Short descriptive text snippets
□ □ □ □ □ □ □
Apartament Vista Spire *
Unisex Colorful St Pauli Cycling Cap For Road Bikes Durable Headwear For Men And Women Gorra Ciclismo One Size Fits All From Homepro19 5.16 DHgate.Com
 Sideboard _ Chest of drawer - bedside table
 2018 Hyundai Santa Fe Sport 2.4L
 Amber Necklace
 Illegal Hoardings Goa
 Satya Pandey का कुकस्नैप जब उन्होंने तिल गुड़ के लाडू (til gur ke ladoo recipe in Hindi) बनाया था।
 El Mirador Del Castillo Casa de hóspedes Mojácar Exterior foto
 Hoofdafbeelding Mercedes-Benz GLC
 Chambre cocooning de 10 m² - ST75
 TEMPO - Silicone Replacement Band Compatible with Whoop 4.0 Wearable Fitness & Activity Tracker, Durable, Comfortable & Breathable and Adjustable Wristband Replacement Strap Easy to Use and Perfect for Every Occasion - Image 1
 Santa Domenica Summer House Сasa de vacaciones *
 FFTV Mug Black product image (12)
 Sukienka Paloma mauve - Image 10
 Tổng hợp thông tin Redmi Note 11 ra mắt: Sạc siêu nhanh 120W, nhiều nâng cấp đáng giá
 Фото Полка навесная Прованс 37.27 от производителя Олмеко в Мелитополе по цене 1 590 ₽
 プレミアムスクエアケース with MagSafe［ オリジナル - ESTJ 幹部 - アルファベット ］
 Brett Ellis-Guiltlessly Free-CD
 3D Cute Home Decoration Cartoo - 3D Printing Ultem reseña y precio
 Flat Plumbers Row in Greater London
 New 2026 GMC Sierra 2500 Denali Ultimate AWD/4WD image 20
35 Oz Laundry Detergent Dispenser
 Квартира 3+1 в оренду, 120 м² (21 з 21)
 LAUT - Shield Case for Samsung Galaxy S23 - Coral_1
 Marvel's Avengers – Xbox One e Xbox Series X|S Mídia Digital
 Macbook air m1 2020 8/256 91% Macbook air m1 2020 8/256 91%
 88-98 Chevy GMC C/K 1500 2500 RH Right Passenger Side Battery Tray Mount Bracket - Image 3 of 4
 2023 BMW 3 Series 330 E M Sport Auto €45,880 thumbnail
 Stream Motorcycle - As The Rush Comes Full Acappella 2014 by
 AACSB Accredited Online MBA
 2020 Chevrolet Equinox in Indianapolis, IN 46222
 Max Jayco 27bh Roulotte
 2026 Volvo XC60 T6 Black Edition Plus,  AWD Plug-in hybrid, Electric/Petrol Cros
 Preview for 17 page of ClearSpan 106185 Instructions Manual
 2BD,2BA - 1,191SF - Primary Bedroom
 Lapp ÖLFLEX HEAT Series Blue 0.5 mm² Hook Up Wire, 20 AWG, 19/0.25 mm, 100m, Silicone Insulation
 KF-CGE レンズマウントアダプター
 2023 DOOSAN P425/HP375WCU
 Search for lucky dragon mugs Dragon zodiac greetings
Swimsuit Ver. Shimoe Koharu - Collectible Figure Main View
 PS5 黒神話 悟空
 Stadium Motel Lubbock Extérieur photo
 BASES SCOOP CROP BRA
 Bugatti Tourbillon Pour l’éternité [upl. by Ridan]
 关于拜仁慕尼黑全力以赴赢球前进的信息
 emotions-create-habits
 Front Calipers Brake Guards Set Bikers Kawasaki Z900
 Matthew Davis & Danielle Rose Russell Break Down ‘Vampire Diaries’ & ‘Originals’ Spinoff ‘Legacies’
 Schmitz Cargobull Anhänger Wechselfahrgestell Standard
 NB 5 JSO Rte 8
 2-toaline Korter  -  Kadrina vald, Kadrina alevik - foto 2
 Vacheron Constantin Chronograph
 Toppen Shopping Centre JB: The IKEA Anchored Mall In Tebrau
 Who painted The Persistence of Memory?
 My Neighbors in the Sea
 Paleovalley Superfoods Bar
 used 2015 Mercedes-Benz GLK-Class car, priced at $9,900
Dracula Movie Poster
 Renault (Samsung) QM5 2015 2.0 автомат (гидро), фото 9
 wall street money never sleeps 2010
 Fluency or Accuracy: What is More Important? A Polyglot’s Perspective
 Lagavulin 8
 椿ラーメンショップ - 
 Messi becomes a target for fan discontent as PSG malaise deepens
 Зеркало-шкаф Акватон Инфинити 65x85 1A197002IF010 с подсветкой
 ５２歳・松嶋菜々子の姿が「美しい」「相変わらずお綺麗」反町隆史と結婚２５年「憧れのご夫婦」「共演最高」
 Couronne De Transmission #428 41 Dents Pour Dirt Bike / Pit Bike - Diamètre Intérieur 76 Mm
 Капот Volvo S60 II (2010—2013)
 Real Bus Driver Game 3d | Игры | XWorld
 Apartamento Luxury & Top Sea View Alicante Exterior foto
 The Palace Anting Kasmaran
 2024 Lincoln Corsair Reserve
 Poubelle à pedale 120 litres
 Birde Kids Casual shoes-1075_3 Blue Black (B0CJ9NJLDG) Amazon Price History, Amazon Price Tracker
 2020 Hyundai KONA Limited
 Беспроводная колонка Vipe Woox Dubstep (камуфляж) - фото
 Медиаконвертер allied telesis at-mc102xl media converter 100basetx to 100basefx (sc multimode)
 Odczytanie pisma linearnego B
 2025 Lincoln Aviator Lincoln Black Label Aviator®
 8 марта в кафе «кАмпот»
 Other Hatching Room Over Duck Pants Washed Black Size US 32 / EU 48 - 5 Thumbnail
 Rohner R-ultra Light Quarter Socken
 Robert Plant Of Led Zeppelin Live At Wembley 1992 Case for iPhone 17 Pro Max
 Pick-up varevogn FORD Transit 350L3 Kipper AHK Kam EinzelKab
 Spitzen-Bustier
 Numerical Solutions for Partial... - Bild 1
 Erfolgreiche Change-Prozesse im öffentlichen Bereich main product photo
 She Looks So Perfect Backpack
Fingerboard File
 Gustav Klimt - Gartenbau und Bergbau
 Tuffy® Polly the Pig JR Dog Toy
□ □ □ □ □ □ □
Brief => Would you copy out all the entries above without changing a single character?

Reply to the task =>
Apartament Vista Spire *
Unisex Colorful St Pauli Cycling Cap For Road Bikes Durable Headwear For Men And Women Gorra Ciclismo One Size Fits All From Homepro19 5.16 DHgate.Com
 Sideboard _ Chest of drawer - bedside table
 2018 Hyundai Santa Fe Sport 2.4L
 Amber Necklace
 Illegal Hoardings Goa
 Satya Pandey का कुकस्नैप जब उन्होंने तिल गुड़ के लाडू (til gur ke ladoo recipe in Hindi) बनाया था।
 El Mirador Del Castillo Casa de hóspedes Mojácar Exterior foto
 Hoofdafbeelding Mercedes-Benz GLC
 Chambre cocooning de 10 m² - ST75
 TEMPO - Silicone Replacement Band Compatible with Whoop 4.0 Wearable Fitness & Activity Tracker, Durable, Comfortable & Breathable and Adjustable Wristband Replacement Strap Easy to Use and Perfect for Every Occasion - Image 1
 Santa Domenica Summer House Сasa de vacaciones *
 FFTV Mug Black product image (12)
 Sukienka Paloma mauve - Image 10
 Tổng hợp thông tin Redmi Note 11 ra mắt: Sạc siêu nhanh 120W, nhiều nâng cấp đáng giá
 Фото Полка навесная Прованс 37.27 от производителя Олмеко в Мелитополе по цене 1 590 ₽
 プレミアムスクエアケース with MagSafe［ オリジナル - ESTJ 幹部 - アルファベット ］
 Brett Ellis-Guiltlessly Free-CD
 3D Cute Home Decoration Cartoo - 3D Printing Ultem reseña y precio
 Flat Plumbers Row in Greater London
 New 2026 GMC Sierra 2500 Denali Ultimate AWD/4WD image 20
35 Oz Laundry Detergent Dispenser
 Квартира 3+1 в оренду, 120 м² (21 з 21)
 LAUT - Shield Case for Samsung Galaxy S23 - Coral_1
 Marvel's Avengers – Xbox One e Xbox Series X|S Mídia Digital
 Macbook air m1 2020 8/256 91% Macbook air m1 2020 8/256 91%
 88-98 Chevy GMC C/K 1500 2500 RH Right Passenger Side Battery Tray Mount Bracket - Image 3 of 4
 2023 BMW 3 Series 330 E M Sport Auto €45,880 thumbnail
 Stream Motorcycle - As The Rush Comes Full Acappella 2014 by
 AACSB Accredited Online MBA
 2020 Chevrolet Equinox in Indianapolis, IN 46222
 Max Jayco 27bh Roulotte
 2026 Volvo XC60 T6 Black Edition Plus,  AWD Plug-in hybrid, Electric/Petrol Cros
 Preview for 17 page of ClearSpan 106185 Instructions Manual
 2BD,2BA - 1,191SF - Primary Bedroom
 Lapp ÖLFLEX HEAT Series Blue 0.5 mm² Hook Up Wire, 20 AWG, 19/0.25 mm, 100m, Silicone Insulation
 KF-CGE レンズマウントアダプター
 2023 DOOSAN P425/HP375WCU
 Search for lucky dragon mugs Dragon zodiac greetings
Swimsuit Ver. Shimoe Koharu - Collectible Figure Main View
 PS5 黒神話 悟空
 Stadium Motel Lubbock Extérieur photo
 BASES SCOOP CROP BRA
 Bugatti Tourbillon Pour l’éternité [upl. by Ridan]
 关于拜仁慕尼黑全力以赴赢球前进的信息
 emotions-create-habits
 Front Calipers Brake Guards Set Bikers Kawasaki Z900
 Matthew Davis & Danielle Rose Russell Break Down ‘Vampire Diaries’ & ‘Originals’ Spinoff ‘Legacies’
 Schmitz Cargobull Anhänger Wechselfahrgestell Standard
 NB 5 JSO Rte 8
 2-toaline Korter  -  Kadrina vald, Kadrina alevik - foto 2
 Vacheron Constantin Chronograph
 Toppen Shopping Centre JB: The IKEA Anchored Mall In Tebrau
 Who painted The Persistence of Memory?
 My Neighbors in the Sea
 Paleovalley Superfoods Bar
 used 2015 Mercedes-Benz GLK-Class car, priced at $9,900
Dracula Movie Poster
 Renault (Samsung) QM5 2015 2.0 автомат (гидро), фото 9
 wall street money never sleeps 2010
 Fluency or Accuracy: What is More Important? A Polyglot’s Perspective
 Lagavulin 8
 椿ラーメンショップ - 
 Messi becomes a target for fan discontent as PSG malaise deepens
 Зеркало-шкаф Акватон Инфинити 65x85 1A197002IF010 с подсветкой
 ５２歳・松嶋菜々子の姿が「美しい」「相変わらずお綺麗」反町隆史と結婚２５年「憧れのご夫婦」「共演最高」
 Couronne De Transmission #428 41 Dents Pour Dirt Bike / Pit Bike - Diamètre Intérieur 76 Mm
 Капот Volvo S60 II (2010—2013)
 Real Bus Driver Game 3d | Игры | XWorld
 Apartamento Luxury & Top Sea View Alicante Exterior foto
 The Palace Anting Kasmaran
 2024 Lincoln Corsair Reserve
 Poubelle à pedale 120 litres
 Birde Kids Casual shoes-1075_3 Blue Black (B0CJ9NJLDG) Amazon Price History, Amazon Price Tracker
 2020 Hyundai KONA Limited
 Беспроводная колонка Vipe Woox Dubstep (камуфляж) - фото
 Медиаконвертер allied telesis at-mc102xl media converter 100basetx to 100basefx (sc multimode)
 Odczytanie pisma linearnego B
 2025 Lincoln Aviator Lincoln Black Label Aviator®
 8 марта в кафе «кАмпот»
 Other Hatching Room Over Duck Pants Washed Black Size US 32 / EU 48 - 5 Thumbnail
 Rohner R-ultra Light Quarter Socken
 Robert Plant Of Led Zeppelin Live At Wembley 1992 Case for iPhone 17 Pro Max
 Pick-up varevogn FORD Transit 350L3 Kipper AHK Kam EinzelKab
 Spitzen-Bustier
 Numerical Solutions for Partial... - Bild 1
 Erfolgreiche Change-Prozesse im öffentlichen Bereich main product photo
 She Looks So Perfect Backpack
Fingerboard File
 Gustav Klimt - Gartenbau und Bergbau
 Tuffy® Polly the Pig JR Dog Toy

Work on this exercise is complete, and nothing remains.